Friday, March 10, 2006

Nowhere

Damn it. I am so bummed and used up. I'm probably gonna fail Rizal and NSTP for this semester. Might as well atone for these failures by taking them up next year and actually paying for those six wasted units. To comfort myself mentally, at least I didn't practically waste away a year's worth of tuition fee. I have a classmate who's been a college freshman for four years now! Currently he's in Accountancy and the last three years he spent them on BS Math, Nursing and the other one I've forgotten. Kaku spent one year in UST with Literature and is back to square one here in Lyceum. My dream course... Arice is still in college and she's already 23 years old.

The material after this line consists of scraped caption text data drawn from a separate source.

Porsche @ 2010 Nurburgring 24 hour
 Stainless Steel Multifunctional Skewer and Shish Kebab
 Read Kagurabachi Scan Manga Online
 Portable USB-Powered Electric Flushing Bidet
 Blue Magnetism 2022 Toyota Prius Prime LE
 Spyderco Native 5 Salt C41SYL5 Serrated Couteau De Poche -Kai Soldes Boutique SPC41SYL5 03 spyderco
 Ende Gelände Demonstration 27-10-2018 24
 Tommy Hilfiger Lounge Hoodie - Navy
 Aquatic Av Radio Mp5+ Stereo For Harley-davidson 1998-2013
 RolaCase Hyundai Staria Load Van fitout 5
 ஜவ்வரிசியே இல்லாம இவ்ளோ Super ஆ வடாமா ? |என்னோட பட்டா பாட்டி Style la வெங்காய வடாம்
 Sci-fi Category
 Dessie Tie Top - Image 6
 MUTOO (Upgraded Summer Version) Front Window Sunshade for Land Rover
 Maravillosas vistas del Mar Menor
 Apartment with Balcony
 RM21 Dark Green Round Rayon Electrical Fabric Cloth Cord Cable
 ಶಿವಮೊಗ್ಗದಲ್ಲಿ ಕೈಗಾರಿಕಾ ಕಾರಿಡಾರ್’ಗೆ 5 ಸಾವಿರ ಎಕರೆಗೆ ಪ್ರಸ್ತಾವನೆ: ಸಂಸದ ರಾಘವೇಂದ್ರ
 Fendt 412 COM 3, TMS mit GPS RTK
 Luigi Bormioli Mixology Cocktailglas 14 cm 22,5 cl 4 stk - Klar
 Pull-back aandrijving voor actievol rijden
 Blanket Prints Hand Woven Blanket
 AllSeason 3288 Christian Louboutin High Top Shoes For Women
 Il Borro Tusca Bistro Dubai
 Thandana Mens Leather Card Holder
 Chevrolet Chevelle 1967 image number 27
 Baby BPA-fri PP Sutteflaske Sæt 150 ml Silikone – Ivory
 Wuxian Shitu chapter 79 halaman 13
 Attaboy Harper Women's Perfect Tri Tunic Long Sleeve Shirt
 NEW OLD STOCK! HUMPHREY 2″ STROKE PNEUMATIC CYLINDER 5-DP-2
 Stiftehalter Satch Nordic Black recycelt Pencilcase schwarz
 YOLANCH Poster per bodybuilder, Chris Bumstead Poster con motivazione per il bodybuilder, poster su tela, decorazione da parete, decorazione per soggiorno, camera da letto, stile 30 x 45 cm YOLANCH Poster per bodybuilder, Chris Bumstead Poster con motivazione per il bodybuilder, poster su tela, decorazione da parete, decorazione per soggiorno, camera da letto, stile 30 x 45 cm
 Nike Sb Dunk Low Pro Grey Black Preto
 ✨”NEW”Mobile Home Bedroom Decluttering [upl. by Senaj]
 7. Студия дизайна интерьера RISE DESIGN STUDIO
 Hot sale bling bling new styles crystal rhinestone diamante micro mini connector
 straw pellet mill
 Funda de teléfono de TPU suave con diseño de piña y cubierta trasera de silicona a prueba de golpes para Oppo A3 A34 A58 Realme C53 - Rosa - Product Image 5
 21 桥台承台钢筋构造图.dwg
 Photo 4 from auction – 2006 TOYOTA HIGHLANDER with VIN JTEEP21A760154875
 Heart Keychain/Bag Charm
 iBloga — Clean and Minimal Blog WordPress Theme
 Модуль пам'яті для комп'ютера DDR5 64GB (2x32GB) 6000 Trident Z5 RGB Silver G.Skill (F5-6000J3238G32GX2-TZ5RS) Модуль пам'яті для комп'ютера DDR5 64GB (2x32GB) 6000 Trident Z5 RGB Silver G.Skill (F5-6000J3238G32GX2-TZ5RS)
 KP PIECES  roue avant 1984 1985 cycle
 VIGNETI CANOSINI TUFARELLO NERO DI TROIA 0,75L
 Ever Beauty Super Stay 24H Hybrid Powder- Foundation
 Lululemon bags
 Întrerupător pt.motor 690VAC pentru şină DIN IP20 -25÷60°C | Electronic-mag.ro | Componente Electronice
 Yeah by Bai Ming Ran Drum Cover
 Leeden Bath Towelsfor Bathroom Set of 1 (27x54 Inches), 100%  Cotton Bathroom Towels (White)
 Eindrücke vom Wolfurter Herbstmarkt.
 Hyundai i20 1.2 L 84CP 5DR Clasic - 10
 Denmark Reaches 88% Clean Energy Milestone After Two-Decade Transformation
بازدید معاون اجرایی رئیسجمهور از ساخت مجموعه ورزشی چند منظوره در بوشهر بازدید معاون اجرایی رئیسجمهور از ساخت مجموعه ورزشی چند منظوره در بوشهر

Another stupid mistake I've made is actually shifting to International Relations (formerly Foreign Service) major in Diplomacy though signing up for Broadcasting is an even more absurd decision in the first place. Maybe I was just fooling around with myself when I said I'm actually interested in politics. Well it is an intriguing subject but it doesn't automatically mean I'll devote my imminent career and education to that field! God! Shift me back to Journalism! It's the only course in school where I can breathe properly! And Chino also advised me to follow my heart, chase it to wear it runs no matter how wide and endless the horizon becomes.

I was actually amazed when Arice did her journalistic assignment whe she was assigned to cover the Mr. and Mrs. Lyceum event last friday. With a digital camera hanging around her neck and a pen and paper in one hand, amazing! That time I was slapped by my conscience to actually make up my mind on what I really want, and I want Journalism though I would have preferred Literature anytime. Might as well shift back next year. Just why do I have to be so fucked up?